Today's Odd Lots is a rare (nay, to this date unique) all-video edition. I dislike TV sufficiently so that that's a contrarian act all by itself.
To begin: We used to make
five-stick "popsicle bombs" on the fourth-grade playground, and compete to see whose bombs would toss sticks the farthest. (I actually devised a 4-stick bomb, but nobody seemed impressed. The technology has clearly advanced since 1961.) Anyway: Here's a linearly detonating, 2,250-stick popsicle bomb, and it is indeed a thing of beauty.

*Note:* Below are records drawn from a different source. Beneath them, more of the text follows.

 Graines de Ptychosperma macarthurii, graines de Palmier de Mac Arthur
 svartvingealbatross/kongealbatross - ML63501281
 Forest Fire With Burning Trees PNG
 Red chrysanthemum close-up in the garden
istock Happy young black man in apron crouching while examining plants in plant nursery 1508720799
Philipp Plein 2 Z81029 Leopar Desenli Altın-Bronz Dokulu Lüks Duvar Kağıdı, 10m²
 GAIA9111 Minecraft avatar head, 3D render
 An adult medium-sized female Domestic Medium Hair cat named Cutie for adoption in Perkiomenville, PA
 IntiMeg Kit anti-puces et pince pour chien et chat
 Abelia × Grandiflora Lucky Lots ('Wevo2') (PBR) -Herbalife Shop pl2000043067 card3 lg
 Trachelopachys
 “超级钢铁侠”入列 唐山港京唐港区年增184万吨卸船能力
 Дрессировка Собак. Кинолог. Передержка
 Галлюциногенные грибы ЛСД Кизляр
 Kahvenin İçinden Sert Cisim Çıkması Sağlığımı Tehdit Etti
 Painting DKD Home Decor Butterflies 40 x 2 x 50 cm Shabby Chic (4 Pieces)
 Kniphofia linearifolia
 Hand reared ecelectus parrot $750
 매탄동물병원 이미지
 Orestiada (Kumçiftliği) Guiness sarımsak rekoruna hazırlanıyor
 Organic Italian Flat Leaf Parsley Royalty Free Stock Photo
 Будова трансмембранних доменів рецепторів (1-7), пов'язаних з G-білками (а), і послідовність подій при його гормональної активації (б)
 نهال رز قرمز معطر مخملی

While we're blowing things up, consider
this unfortunate attempt to demolish what appears to be an apartment building molded of solid concrete. They should feel fortunate that the building had not been erected on even a mild slope, or it would simply have rolled down the hill until it struck something bigger and denser than it was. (Thanks to Pete Albrecht for the link.) I guess if you're going to blow a demolition,
do it this way. Then you either buy more dynamite, or advertise it as a tourist attraction. And this may be the most amazing video clip I've seen in
years: An Atlas booster breaking the sound barrier at just about the altitude where ice crystals responsible for sundogs form. Watch what happens to the sundog! (Thanks to Mary Lynn Johnson for the link.) Admittedly this is a hybrid, but don't miss the video if you're a train freak.
That double-stacked consist is 18,000 feet long, propelled by what is essentially a local-area network of nine computer-controlled diesel-electric locomotives distributed evenly among the cars and operated by one guy in the cab of the lead engine. (Thanks to Bruce Baker for the link.)